The disciples huddled behind locked doors, fear clinging like sweat. Jesus stood among them, alive but scarred. He showed them His wounds, ate broiled fish, and repeated His promise: “Wait for the gift My Father promised.” For forty days, He taught them about the kingdom. Then He ascended, leaving them staring at clouds. Their hands clenched old dreams of political power. Jesus redirected them: “You will receive power when the Holy Spirit comes.” [46:04]
Waiting exposed their self-reliance. Jesus didn’t critique their fear but invited them to trade striving for dependence. The Spirit’s power required empty hands, not perfected plans. Just as farmers wait for rain, they needed to let anticipation root them in trust.
How often do you rush ahead of God’s timing? What if your delay isn’t denial but divine preparation? Identify one area where you’re resisting the wait. Will you release control today?

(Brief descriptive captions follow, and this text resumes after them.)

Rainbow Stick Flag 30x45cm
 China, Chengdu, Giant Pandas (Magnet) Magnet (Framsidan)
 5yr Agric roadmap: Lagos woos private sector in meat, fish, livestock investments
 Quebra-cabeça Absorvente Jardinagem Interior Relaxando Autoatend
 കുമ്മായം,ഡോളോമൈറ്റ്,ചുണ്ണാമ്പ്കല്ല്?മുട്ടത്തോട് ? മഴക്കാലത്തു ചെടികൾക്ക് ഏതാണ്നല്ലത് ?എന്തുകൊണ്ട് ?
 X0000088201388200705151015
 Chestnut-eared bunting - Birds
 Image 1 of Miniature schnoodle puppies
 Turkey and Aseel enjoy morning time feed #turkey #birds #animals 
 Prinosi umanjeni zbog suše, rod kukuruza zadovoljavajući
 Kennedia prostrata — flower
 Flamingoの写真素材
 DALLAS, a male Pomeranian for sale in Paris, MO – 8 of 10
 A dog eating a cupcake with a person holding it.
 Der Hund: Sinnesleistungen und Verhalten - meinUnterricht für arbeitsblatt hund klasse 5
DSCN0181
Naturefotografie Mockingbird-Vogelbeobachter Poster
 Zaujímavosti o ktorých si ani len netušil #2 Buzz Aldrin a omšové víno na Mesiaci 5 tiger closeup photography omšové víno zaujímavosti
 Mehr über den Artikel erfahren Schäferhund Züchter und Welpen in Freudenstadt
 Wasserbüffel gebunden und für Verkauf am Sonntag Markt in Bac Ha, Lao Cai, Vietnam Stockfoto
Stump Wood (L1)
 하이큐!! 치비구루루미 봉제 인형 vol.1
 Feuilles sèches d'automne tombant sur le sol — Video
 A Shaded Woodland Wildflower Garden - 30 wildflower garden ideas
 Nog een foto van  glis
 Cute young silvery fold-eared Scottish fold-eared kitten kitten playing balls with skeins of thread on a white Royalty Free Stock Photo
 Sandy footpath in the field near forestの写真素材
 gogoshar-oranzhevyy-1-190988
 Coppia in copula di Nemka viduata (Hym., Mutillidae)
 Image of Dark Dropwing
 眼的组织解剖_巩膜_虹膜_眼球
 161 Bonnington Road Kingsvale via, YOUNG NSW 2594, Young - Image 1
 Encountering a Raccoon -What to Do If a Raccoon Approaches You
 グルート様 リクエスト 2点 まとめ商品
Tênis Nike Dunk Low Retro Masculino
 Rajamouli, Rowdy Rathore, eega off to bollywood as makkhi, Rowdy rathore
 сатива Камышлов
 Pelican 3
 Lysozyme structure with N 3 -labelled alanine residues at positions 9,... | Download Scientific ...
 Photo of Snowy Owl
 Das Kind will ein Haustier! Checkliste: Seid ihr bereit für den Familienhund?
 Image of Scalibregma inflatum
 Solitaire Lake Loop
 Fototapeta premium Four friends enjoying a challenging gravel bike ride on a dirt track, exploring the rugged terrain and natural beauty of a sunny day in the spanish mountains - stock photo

“Do not leave Jerusalem, but wait for the gift my Father promised, which you have heard me speak about. For John baptized with water, but in a few days you will be baptized with the Holy Spirit.”
(Acts 1:4-5, NIV)
Prayer: Ask Jesus to reveal where you’ve substituted hustle for holy waiting.
Challenge: Set a 5-minute timer. Sit silently, hands open, and repeat: “Your timing, not mine.”
The widow’s last drop of oil glistened in the jar. Elijah told her to gather empty vessels—cracked pots, dusty bowls, borrowed containers. She poured, and oil flowed until every jar brimmed. Her obedience turned scarcity into abundance. The miracle wasn’t in the oil but her willingness to collect jars in the midst of despair. [01:28:45]
God’s provision matches our capacity. The widow’s faith wasn’t in the oil’s volume but in the act of gathering jars. Jesus still multiplies what we surrender, filling every crevice we offer. The Spirit doesn’t need full vessels—He needs empty ones.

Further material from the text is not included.